Vasovagal syncope is not a sign of more serious illnesses.
How do I know if I'm experiencing a vasovagal episode?
Avoid fainting spells by recognising the symptoms before it happens. Look out for symptoms including:
- Dizziness or light-headedness
- Buzzing in the ears or a change in hearing
- Blurring, tunnelling, or a loss of vision
You may recognise someone experiencing a fainting spell when they appear pale.
What should I do if I think I'm having a vasovagal episode?
Don’t try to walk to the clinic or go outside because you might faint before arriving at your destination. If you notice someone suffering a fainting spell, bring the person away from a hot, crowded area.
There are moves known as anti-gravity manoeuvres that can prevent the loss of consciousness.
The most effective manoeuvre is lying down on your back with your knees bent.
When you are in a situation where lying down is inappropriate, try a low squat. Squatting brings your heart closer to your legs, returns much of the pooled blood to the heart, and blocks the arteries that carry blood to the legs. These changes raise the blood pressure in the rest of your body.
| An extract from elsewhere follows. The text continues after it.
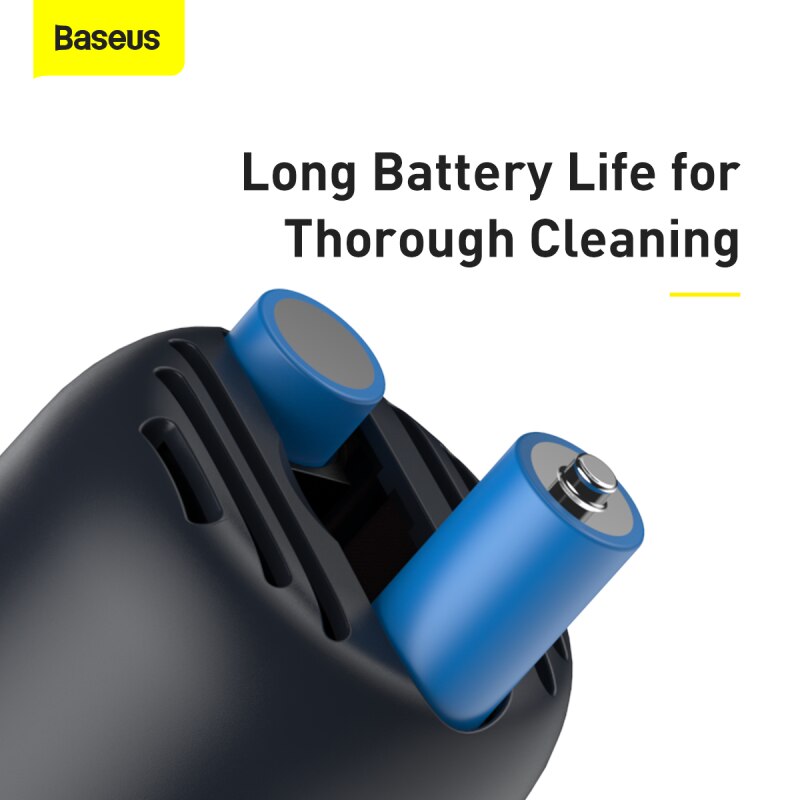Máy hút bụi BASEUS C2 dạng viên nang để bàn nhỏ gọn sử dụng pin tiện lợi | BigBuy360 - bigbuy360.vn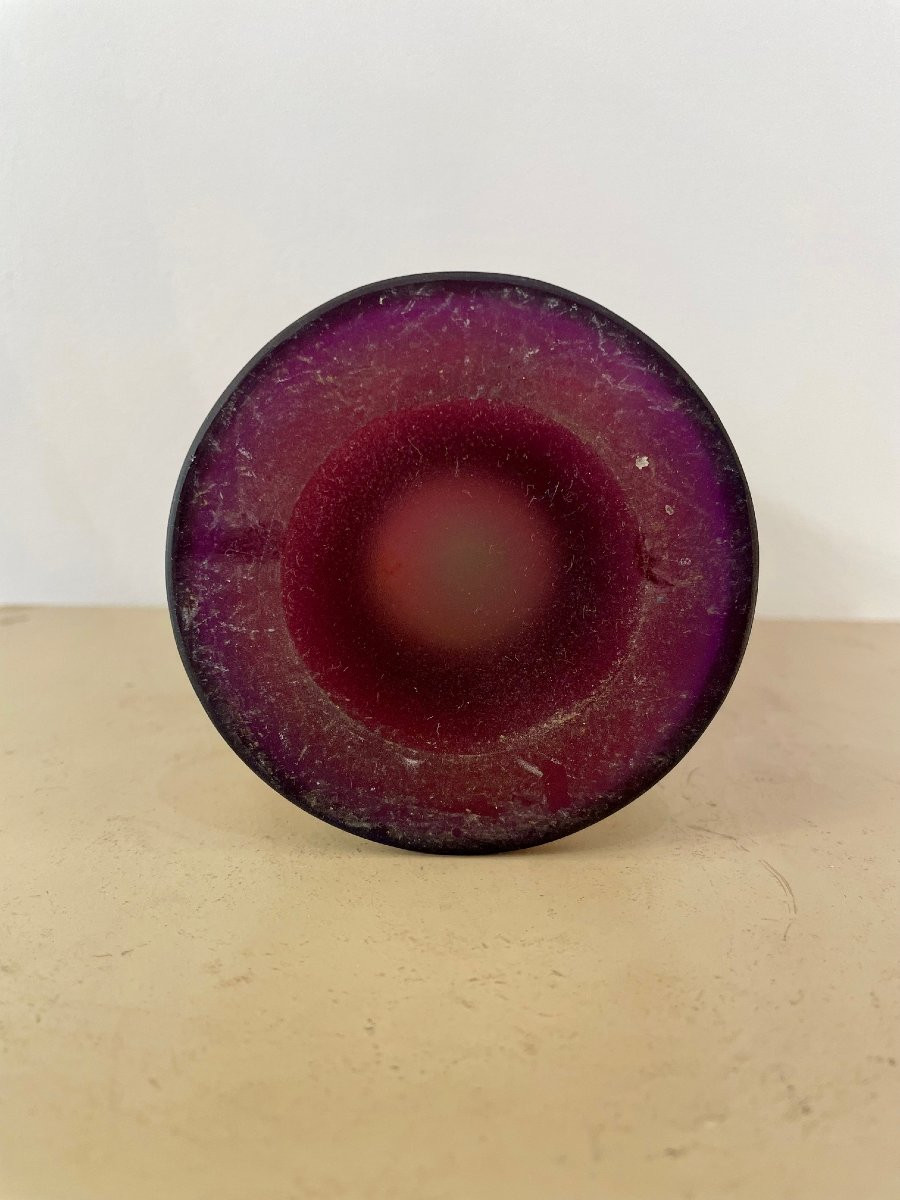 Gallé Vase With Floral Decoration-photo-4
A more subtle but less effective manoeuvre is to cross your legs while standing in place and tighten your abdominal muscles. This tends to work well during when you start to recognise the symptoms of a fainting spell and can be useful when you are standing still in a crowded place. This move can also be used while standing around talking to people, and can be very effective at preventing dizziness.
What is your advice regarding vasovagal syncope?
This condition can be treated without drugs or medical intervention. You should learn to recognise the symptoms at the onset of a fainting spell and carry out the manoeuvres above.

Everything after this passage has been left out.